Wednesday, July 12, 2017

Bonobos Will Treat You Right and Not Like those Damn Chimpanzees #Science #Ethology #Sex

Two baby bonobos.

Credit: © gudkovandrey / Fotolia

Bonobos have a reputation for being the peaceful, free-loving hippies of the primate world. But, researchers reporting in Current Biology on July 10 have discovered that despite friendly relations between the sexes, particular males have a surprisingly strong advantage over others when it comes to fathering offspring. For example, researchers found in one group that the most reproductively successful bonobo male fathered more than 60 percent of the next generation.

Science Daily:  In fathering, peace-loving bonobos don't spread the love

There was a throwaway line which floated about for a while, who's your daddy, and it seems in this bonobo group they can point to one male to say, "He was."

I hadn't heard so much about bonobos as peaceful hippies but rather the ones with the greatest enthusiasm for sex in the world of primates.  Humans like to think we're so sexy but we're amateurs.

The findings show that the reproductive skew -- the extent to which a single male versus many males sires offspring -- is much higher among bonobos than it is in male-dominated and more aggressive chimpanzees. While the reasons behind that skew aren't yet entirely clear, the researchers suspect that it may come down to a tendency for many females to choose to mate with the same attractive male.

"The funny thing under such a scenario would be that most of the females would have the same preference for Camillo, the alpha male and 'Brad Pitt' of the bonobos at our research site," says Martin Surbeck of the Max Planck Institute for Evolutionary Anthropology in Germany.

- SD

So there's the good news and the bad news, mates.  If you're hot like Brad Pitt among bonobos then you will meet lots of chicks but otherwise your life won't change all that much and you will still be drinking beer while you watch cage fights on TV.
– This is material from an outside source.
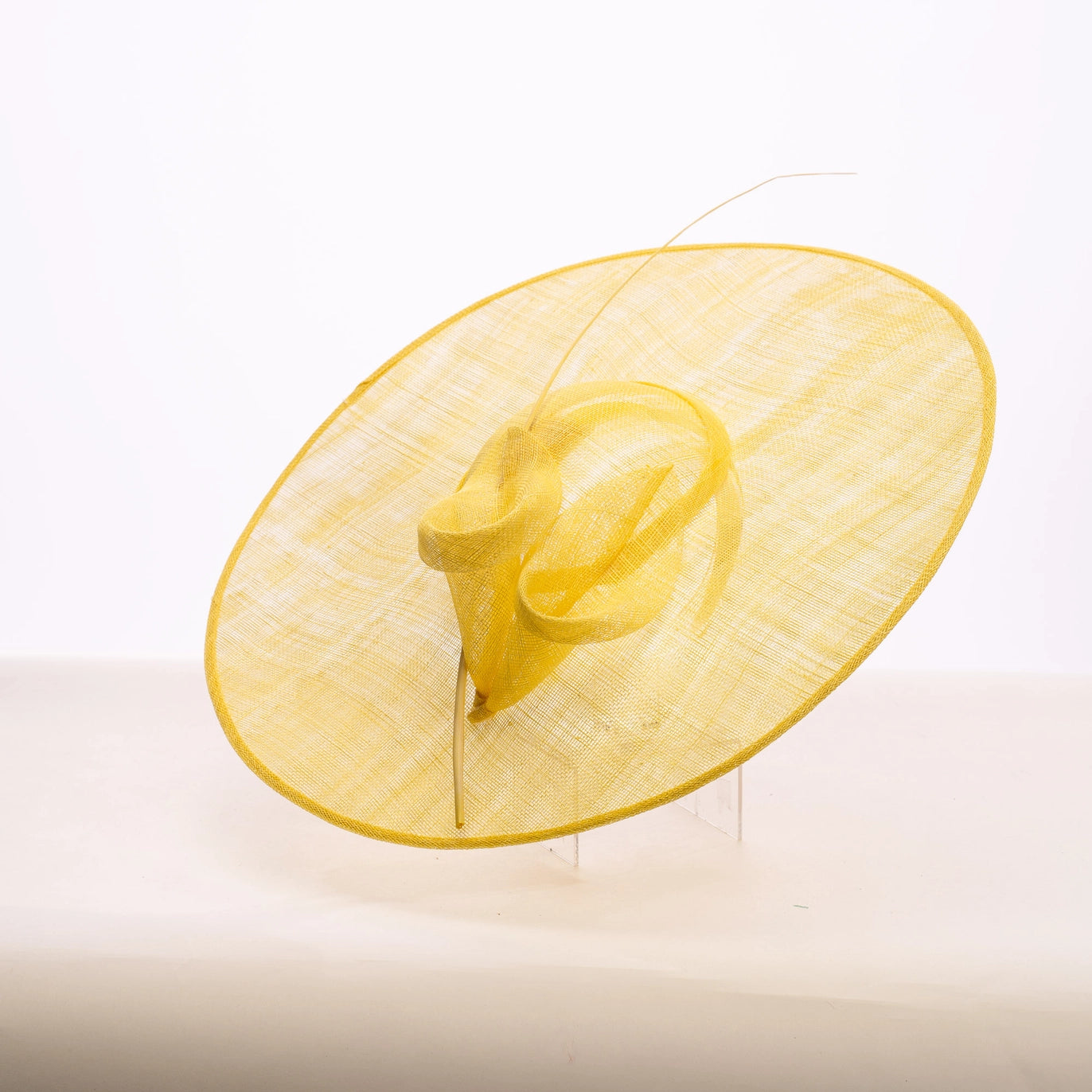 Yellow decorative hat on a white background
Surbeck and colleagues, including Kevin Langergraber at Arizona State University's School of Human Evolution and Social Change and ASU's Institute of Human Origins, have a long-standing interest in bonobo society and particularly in the relationships between males and females. Bonobos are known for their friendly nature and lack of aggression. In that friendly setting, bonobo males often seem to invest in friendly relationships with particular females. The researchers wondered whether those "friendships" were leading to greater paternity success for those males.

- SD

Bonobo charm ... learn some of that, mates.

The researchers had hypothesized that bonobo females' freedom to choose their mates would mean a more balanced distribution of paternity amongst males in the group. But they found just the opposite. While more work is needed to explore the reasons behind that skew, the researchers say, "if female choice is the mechanisms behind our observation, all females seem to prefer more or less the same male."

- SD

Even in a peaceful and egalitarian world, the chicks all line up for the Big Kahuna, the Brad Pitt of the beach.

Ed:  are you heading up to a moral of the story?

Nooooo but there's more in the article for the interested student.


Anonymous said...

Pretty sure they are in the middle of the Monkey Selfie lawsuit
I hope they have a great legal team

Peas InOurThyme said...

Making a career out of doing nothing is some kind of survival skill, I suppose. Twisted.